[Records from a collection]
========

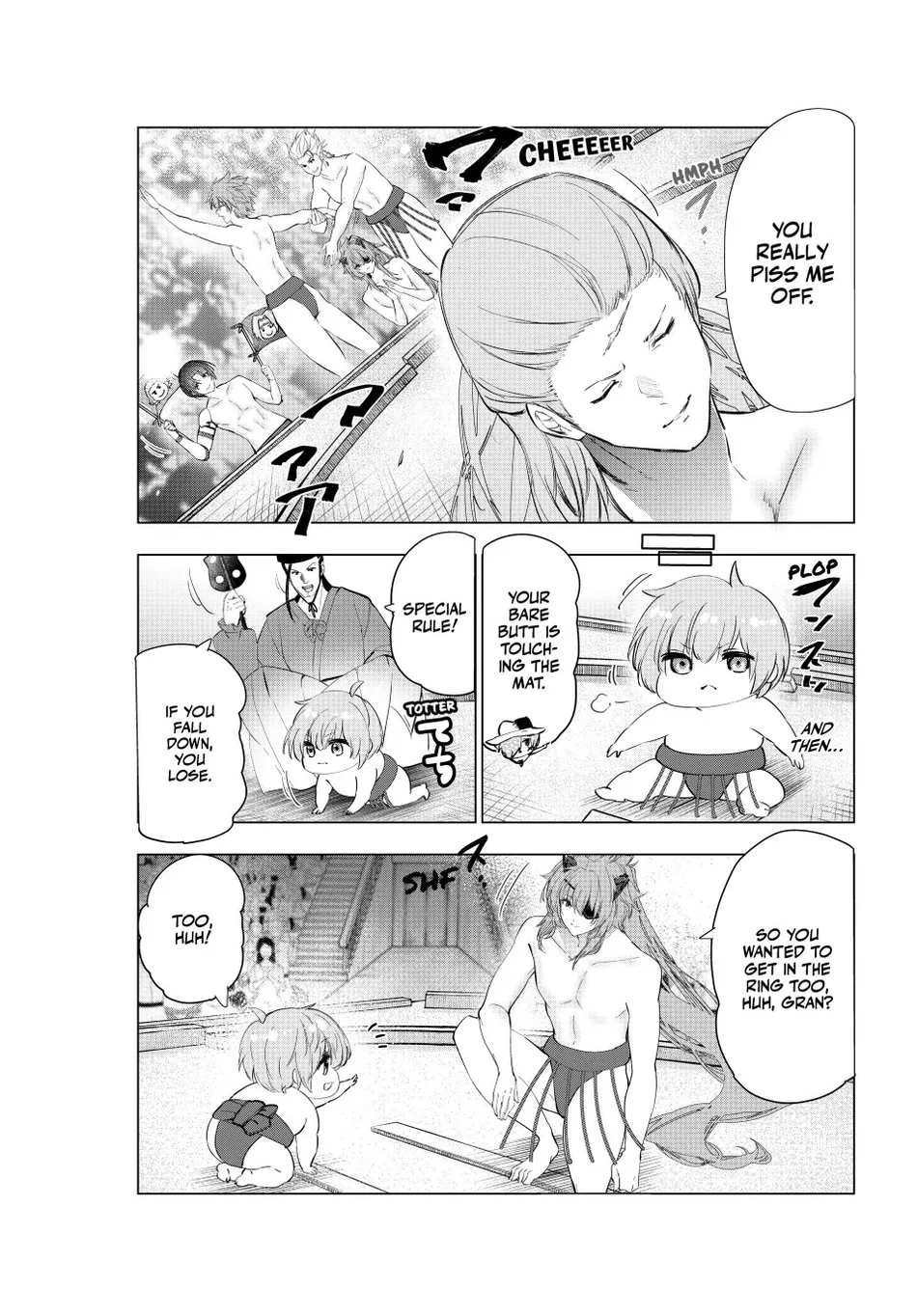 Kaiko sareta Ankoku Heishi (30-dai) no Slow na Second Life Chapter 68 - Page 17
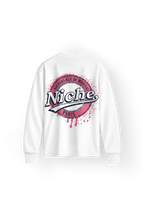 TEE-SHIRT BLANC MANCHES LONGUES - Niche.
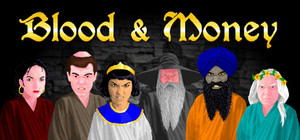 Blood & Money banner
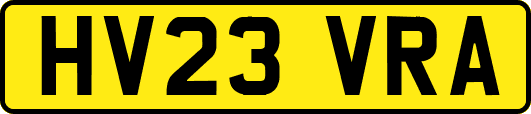 HV23VRA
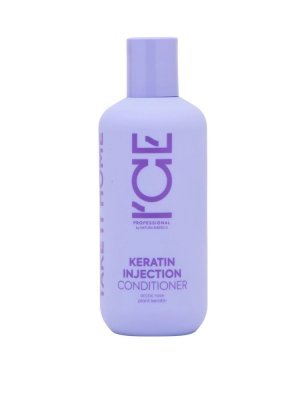 Купить натура сиберика кондиционер для поврежденных волос кератиновый keratin injection ice by, 250мл в Семенове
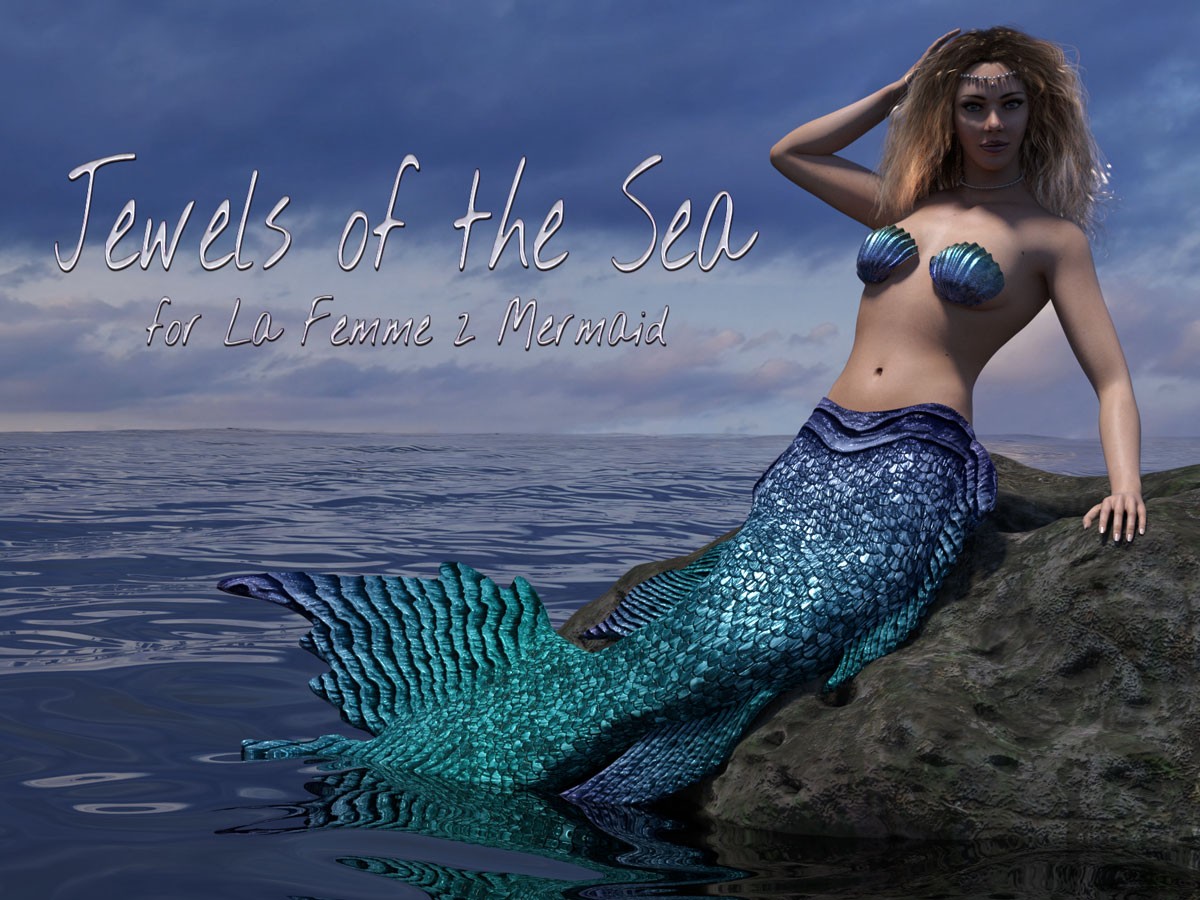 Jewels of the Sea for La Femme 2 Mermaid by N/A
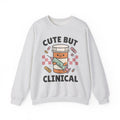 Pill Bottle Syringe Sweatshirt Nurses Medical Gift Women Kawaii Sweatshirt Medication Sweatshirt Nurse Enthusiast Cute Sweatshirt Healthcare Graphic Cartoon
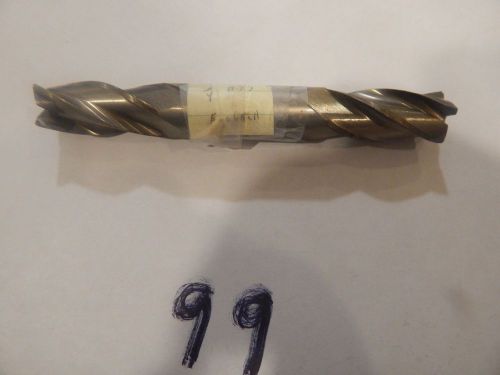 Double End Mill  3/4&#034;  four Flute Square End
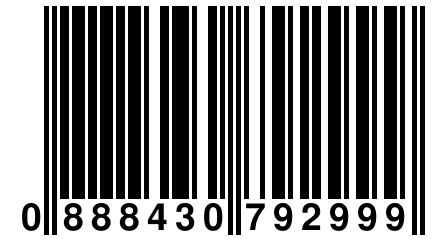 0 888430 792999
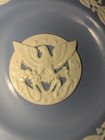 Vintage Jasperware Wedgwood Pin Tray American Eagle U s  Seal Design 4 5 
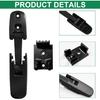 2 Pcs Hood Latch Kit 315-5502 315-5503, Heavy Duty Hood Latches, for Kenworth T170 T270 T300 T370 T440 T470 T660, Peterbilt 325 335 337 340 348 384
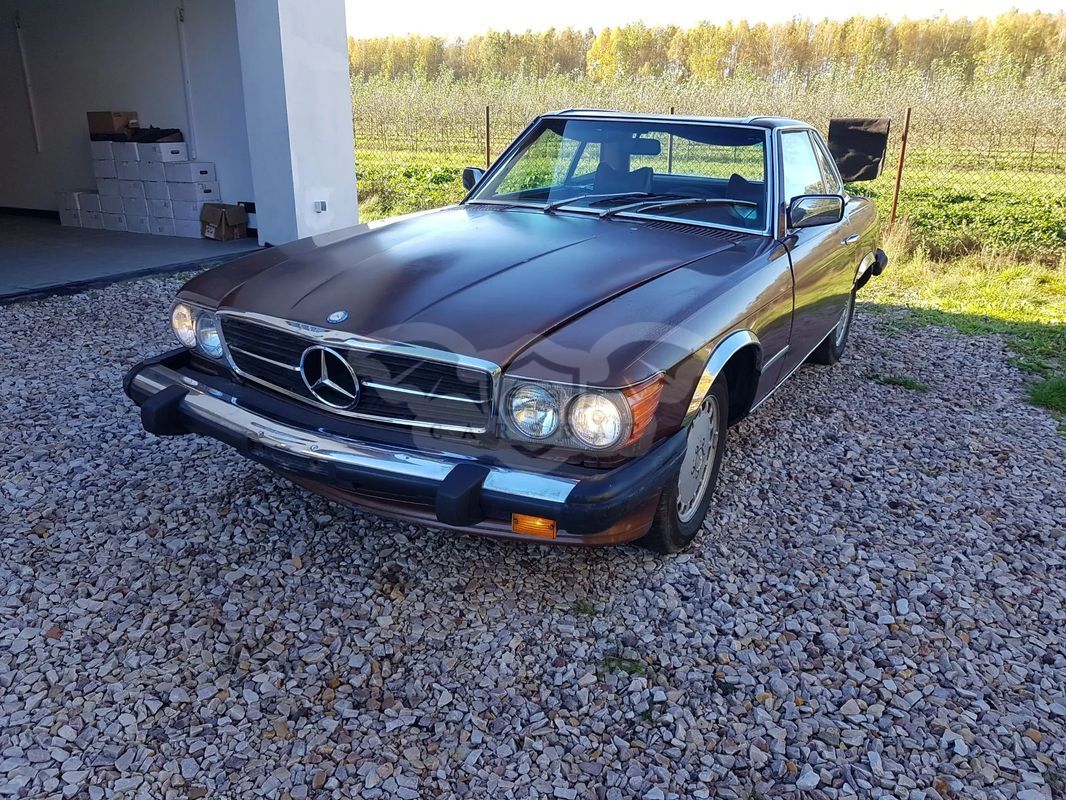 Mercedes-Benz SL R107 (1971-1989) 1977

========

### What you have to do
For this exercise, return exactly the lines above from the line with "Jewels of the" through the line with "0 888430 792999", both included. Do not copy the pictures.

### Answer to this task
 Jewels of the Sea for La Femme 2 Mermaid by N/A
 Pill Bottle Syringe Sweatshirt Nurses Medical Gift Women Kawaii Sweatshirt Medication Sweatshirt Nurse Enthusiast Cute Sweatshirt Healthcare Graphic Cartoon
 Double End Mill  3/4&#034;  four Flute Square End
 0 888430 792999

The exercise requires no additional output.